Bukti Kematian 15 Badak Jawa di Ujung Kulon Belum Ditemukan
KLHK menegaskan hingga saat ini belum ada temuan bukti kematian 15 badak jawa yang tak terekam di Taman Nasional Ujung Kulon. Badak tersebut diperkirakan tengah menghindar dari gangguan di kawasan tersebut.
Oleh
PRADIPTA PANDU
·4 menit baca
JAKARTA, KOMPAS — Hasil investigasi Auriga Nusantara mengungkap sebanyak 15 ekor badak jawa di Taman Nasional Ujung Kulon hilang dari pemantauan sejak tiga tahun terakhir dan diduga kuat telah mati akibat perburuan. Namun, Kementerian Lingkungan Hidup dan Kehutanan atau KLHK menegaskan, hingga saat ini belum ada temuan bukti kematian badak jawa tersebut.

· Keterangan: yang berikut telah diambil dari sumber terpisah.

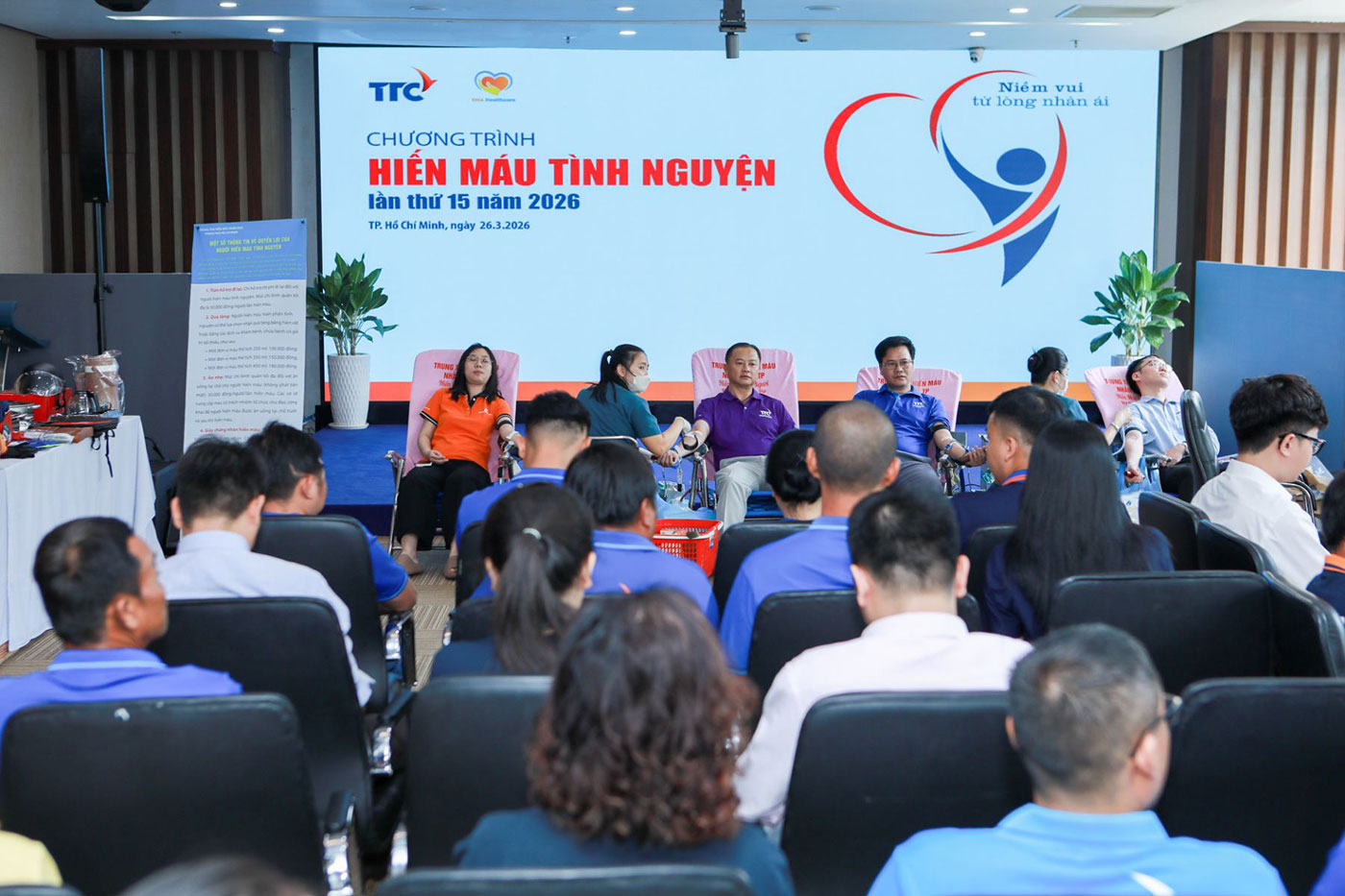 15 năm chương trình hiến máu tình nguyện ‘Niềm vui từ lòng nhân ái’ - Ảnh 2.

Kepala Biro Humas KLHK Nunu Anugrah saat menanggapai laporan investigasi ”Badak Jawa di Ujung Tanduk” dari Auriga Nusantara menyampaikan, sebanyak 15 badak jawa yang tidak terekam selama tiga tahun terakhir tidak bisa langsung disimpulkan mati atau hilang. Sebab, hingga saat ini belum ada temuan bukti kematian badak jawa tersebut.
”Kemungkinan besar badak tersebut menghindar dari gangguan yang terjadi di dalam kawasan sehingga mencari jalur yang lebih aman. Oleh karena itu, terlalu dini untuk menyimpulkan bahwa 15 individu badak jawa telah hilang akibat perburuan ilegal di Taman Nasional Ujung Kulon,” ujarnya dalam keterangan tertulis kepada Kompas, Selasa (11/4/2023) malam.
Selain itu, KLHK juga telah mengidentifikasi tiga badak jawa yang ditemukan mati. Dua individu badak jawa yang ditemukan mati pada tahun 2018-2019 terdeteksi bernama Samson dan Manggala. Berdasarkan hasil nekropsi, disimpulkan penyebab kematian kedua badak tersebut bukan akibat perburuan, melainkan kelainan dalam pencernaan dan usia.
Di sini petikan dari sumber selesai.